## INPUT DATA
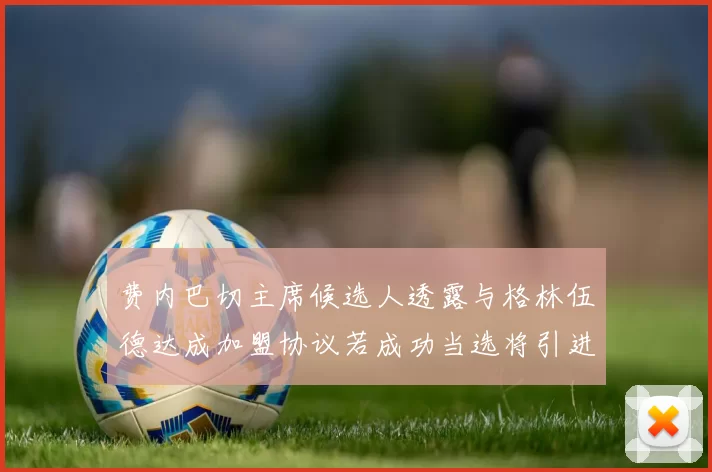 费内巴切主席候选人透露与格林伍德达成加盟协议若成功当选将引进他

* * *

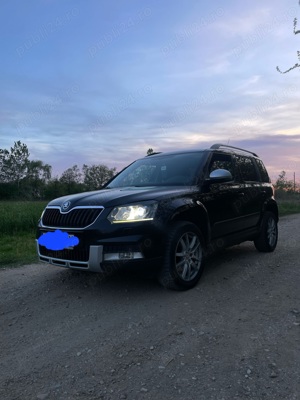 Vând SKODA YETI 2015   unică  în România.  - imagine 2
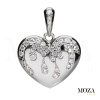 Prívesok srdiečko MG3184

---

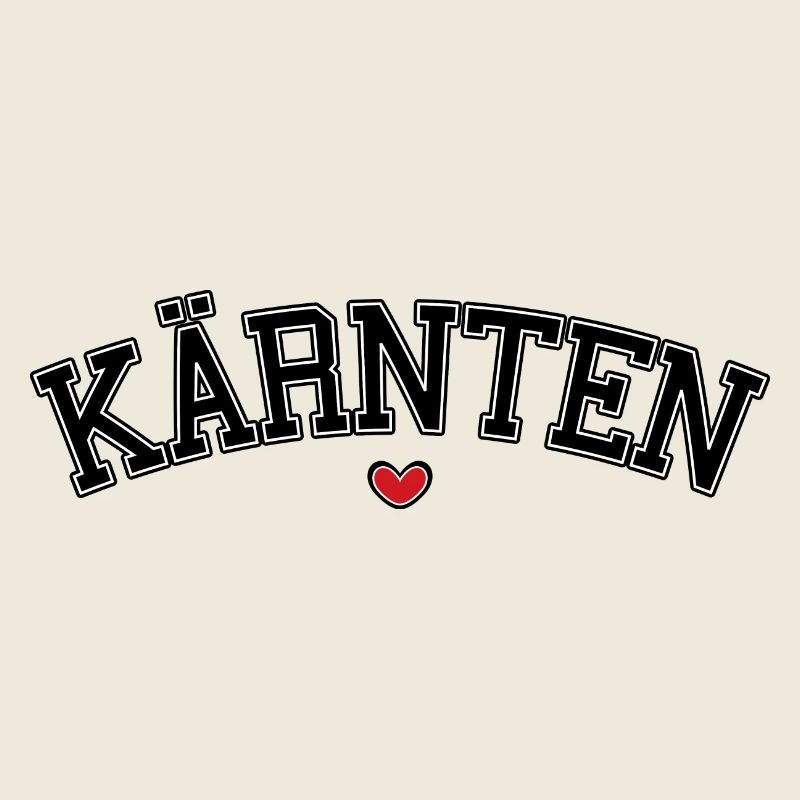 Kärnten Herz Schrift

## WHAT THIS TASK INVOLVES
Return, exactly as they stand, the lines above from the one with "Vând SKODA YETI" to the one with "Prívesok srdiečko MG3184", omitting any pictures among them.

## ANSWER TO THIS TASK
 Vând SKODA YETI 2015   unică  în România.  - imagine 2
 Prívesok srdiečko MG3184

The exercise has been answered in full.